> [TASK TO CARRY OUT] Copy out each line from the material where the word "Yard" is found.
━━━━━━
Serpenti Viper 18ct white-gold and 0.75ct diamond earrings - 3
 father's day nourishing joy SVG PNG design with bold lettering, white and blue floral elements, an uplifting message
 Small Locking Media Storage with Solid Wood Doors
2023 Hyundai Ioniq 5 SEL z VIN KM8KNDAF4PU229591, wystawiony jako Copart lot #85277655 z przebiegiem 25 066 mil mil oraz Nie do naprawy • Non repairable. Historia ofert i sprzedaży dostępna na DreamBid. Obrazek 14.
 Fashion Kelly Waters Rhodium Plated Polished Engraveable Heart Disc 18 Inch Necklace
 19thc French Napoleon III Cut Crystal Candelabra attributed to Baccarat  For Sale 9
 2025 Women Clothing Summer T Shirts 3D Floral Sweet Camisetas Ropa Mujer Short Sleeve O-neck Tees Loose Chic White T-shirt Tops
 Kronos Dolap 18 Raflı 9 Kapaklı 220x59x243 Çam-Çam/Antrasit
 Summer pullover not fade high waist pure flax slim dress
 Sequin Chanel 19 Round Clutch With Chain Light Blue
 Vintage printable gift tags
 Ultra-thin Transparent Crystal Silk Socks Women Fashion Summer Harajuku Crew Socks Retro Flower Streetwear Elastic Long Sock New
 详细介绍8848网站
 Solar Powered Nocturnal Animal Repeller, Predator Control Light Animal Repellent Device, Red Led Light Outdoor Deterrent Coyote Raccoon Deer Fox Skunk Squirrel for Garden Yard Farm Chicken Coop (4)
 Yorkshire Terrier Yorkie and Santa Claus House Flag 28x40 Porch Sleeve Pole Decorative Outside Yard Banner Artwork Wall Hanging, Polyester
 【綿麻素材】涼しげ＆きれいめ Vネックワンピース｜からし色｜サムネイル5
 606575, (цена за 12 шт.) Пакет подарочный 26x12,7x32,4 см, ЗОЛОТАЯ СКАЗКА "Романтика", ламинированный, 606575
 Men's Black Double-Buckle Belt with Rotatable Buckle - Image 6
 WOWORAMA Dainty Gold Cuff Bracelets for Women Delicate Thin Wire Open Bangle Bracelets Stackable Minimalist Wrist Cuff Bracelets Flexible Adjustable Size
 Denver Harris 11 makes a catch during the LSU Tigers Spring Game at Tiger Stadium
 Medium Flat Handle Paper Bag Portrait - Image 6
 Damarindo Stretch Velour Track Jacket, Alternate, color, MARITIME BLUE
━━━━━━
> [RESPONSE TO THIS TASK]
 Solar Powered Nocturnal Animal Repeller, Predator Control Light Animal Repellent Device, Red Led Light Outdoor Deterrent Coyote Raccoon Deer Fox Skunk Squirrel for Garden Yard Farm Chicken Coop (4)
 Yorkshire Terrier Yorkie and Santa Claus House Flag 28x40 Porch Sleeve Pole Decorative Outside Yard Banner Artwork Wall Hanging, Polyester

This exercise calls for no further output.